Technical

MemPalace Benchmarks Deep Dive: How 96.6% Recall Actually Works

Breaking down the LongMemEval R@5 benchmark methodology and what 96.6% recall means in practice for your AI agents.

The Benchmark: LongMemEval R@5

When MemPalace claims 96.6% recall, that number comes from a specific benchmark: LongMemEval R@5. This measures whether the correct memory appears in the top 5 results returned by the memory system, across a standardized set of conversational memory retrieval tasks.

LongMemEval was designed to test real-world memory retrieval scenarios: multi-turn conversations where the agent needs to recall facts, preferences, and context from earlier exchanges. It's not a toy benchmark. It simulates the actual usage pattern of AI agents that maintain long-term memory across sessions.

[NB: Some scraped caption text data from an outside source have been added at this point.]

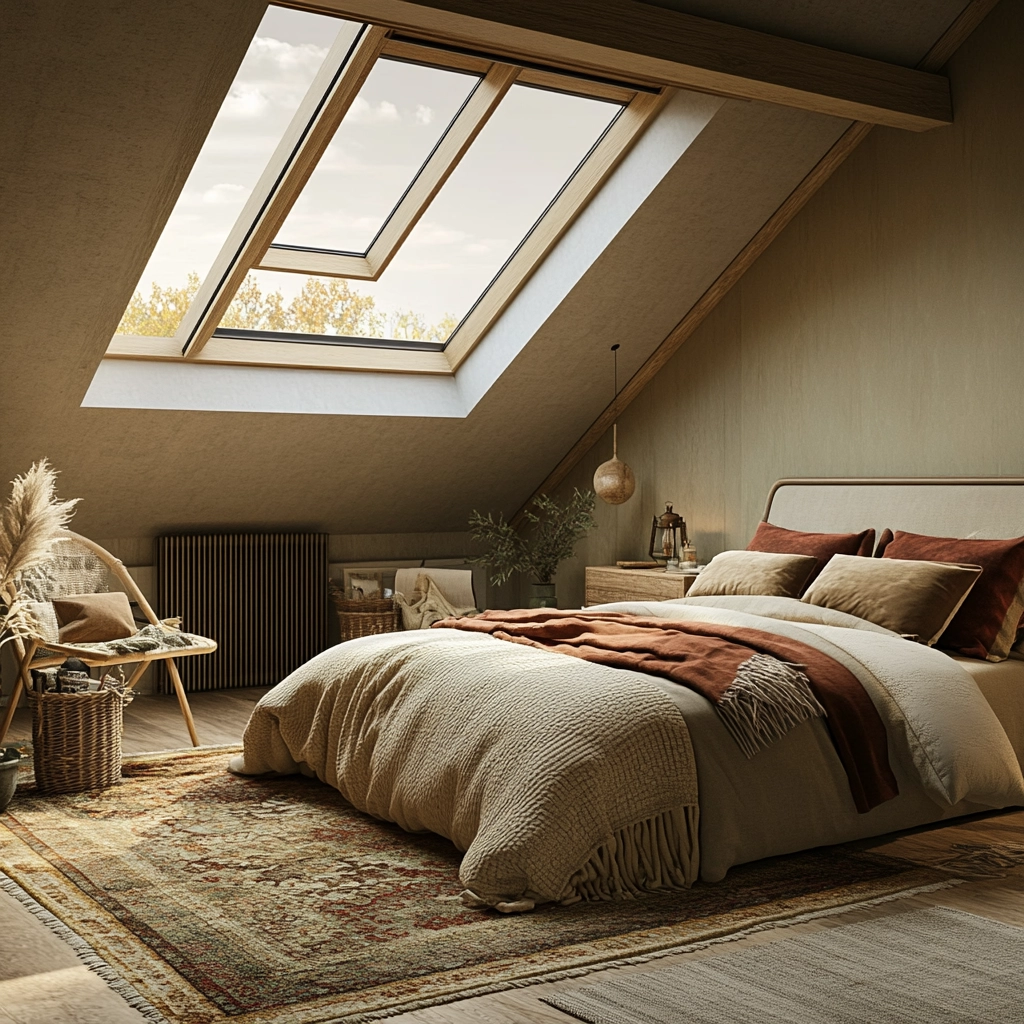 old farmhouse bedroom ideas 36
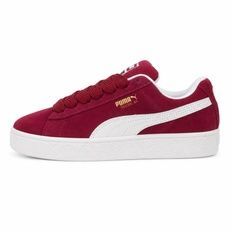 Puma Suede XL Burgundy White, 36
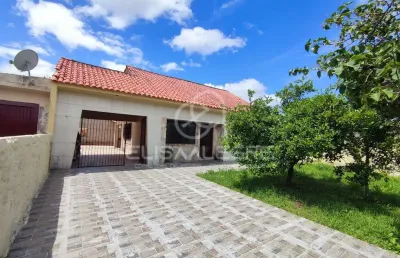Casa com 2 quartos à venda na Rua Benjamin Gusmão, Bom Sucesso, Gravataí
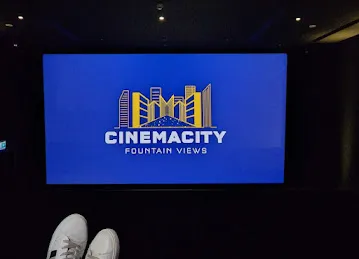 Cinemacity Fountain Views
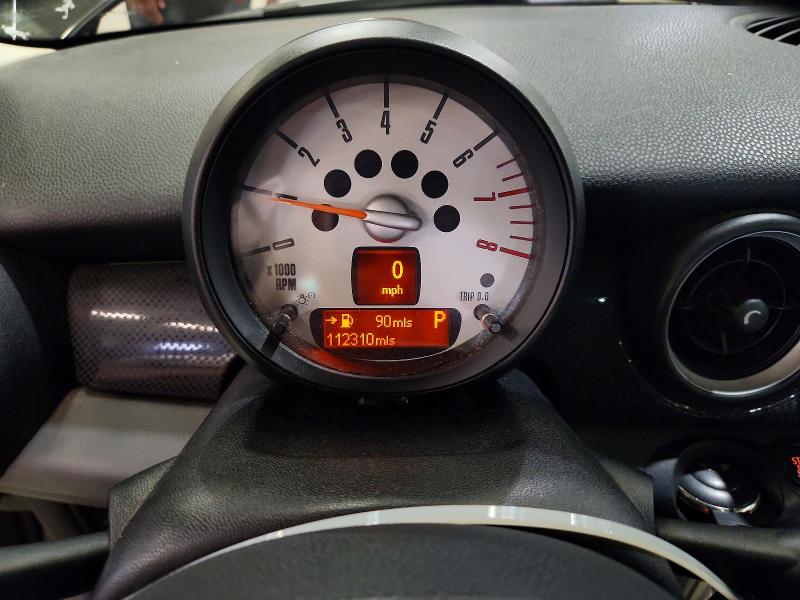 Продажа на аукционе авто 2012 Mini Cooper, vin: WMWZG3C58CTY38191, номер лота: 59637166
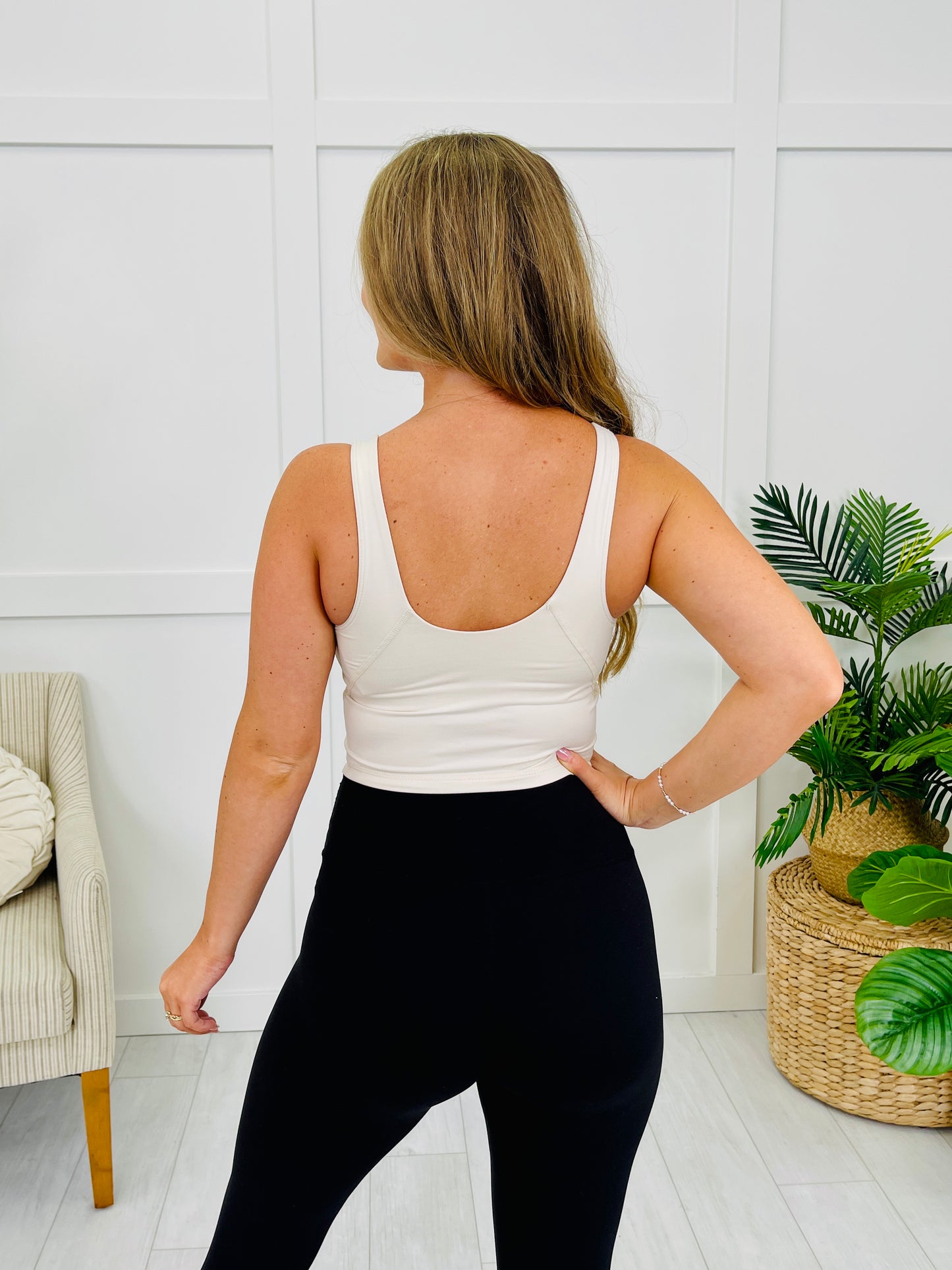 Form First Tank Top- Multiple Colors!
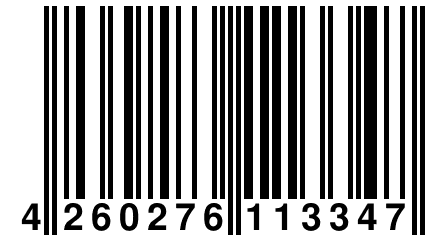 4 260276 113347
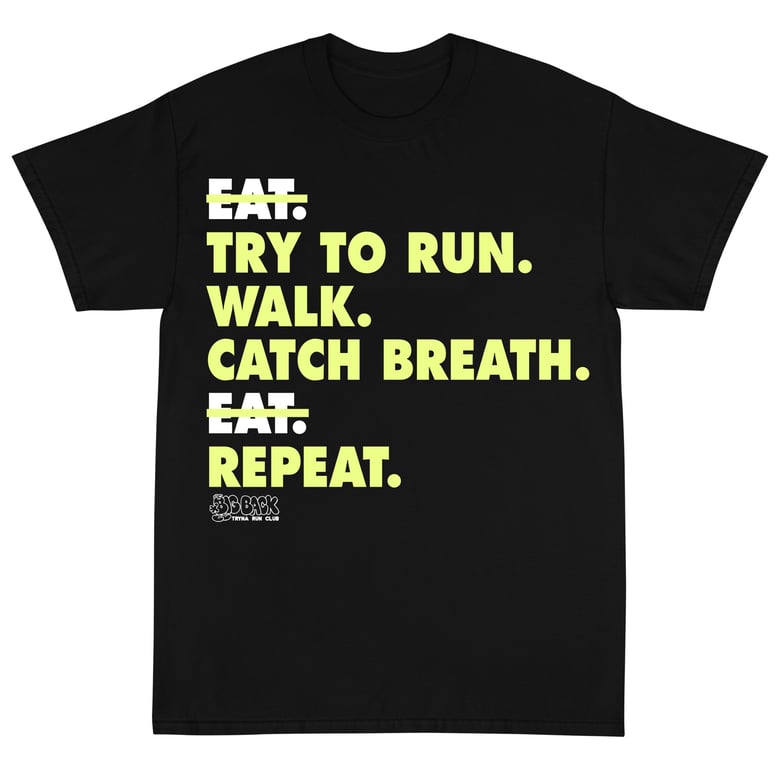 Image of EVERYDAY STRUGGLE TEE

What Makes 96.6% Remarkable

The number alone is impressive, but context makes it extraordinary. MemPalace achieves this recall rate with zero API calls during retrieval. Every other competitive system (Mem0, Zep, LangChain Memory) relies on external embedding APIs or vector database queries. MemPalace runs entirely on your local machine.

The secret is the palace hierarchy. Instead of computing similarity across every stored memory (which is what vector search does), MemPalace navigates the spatial hierarchy: Wing → Hall → Room → Closet → Drawer. This narrows the search space dramatically before any comparison happens.

Methodology Breakdown

The evaluation uses 500 memory retrieval queries across 50 simulated conversation histories, each containing 20-100 stored memories. For each query, the system returns its top 5 candidate memories, and the evaluator checks whether the ground-truth memory is among them.

SystemR@5Startup TokensAPI Calls
MemPalace96.6%1700
MemPalace + Haiku Rerank100%170 + rerank1
Mem0~85%2,000-5,0002+
Zep~80%3,000+1+

The 170-Token Advantage

At startup, MemPalace injects only 170 tokens into the agent's context window. This is the palace “map”: a compressed index of Wings and Halls that tells the system where to look. Compare this to Mem0's 2,000-5,000 tokens of retrieved context that gets injected on every conversation turn.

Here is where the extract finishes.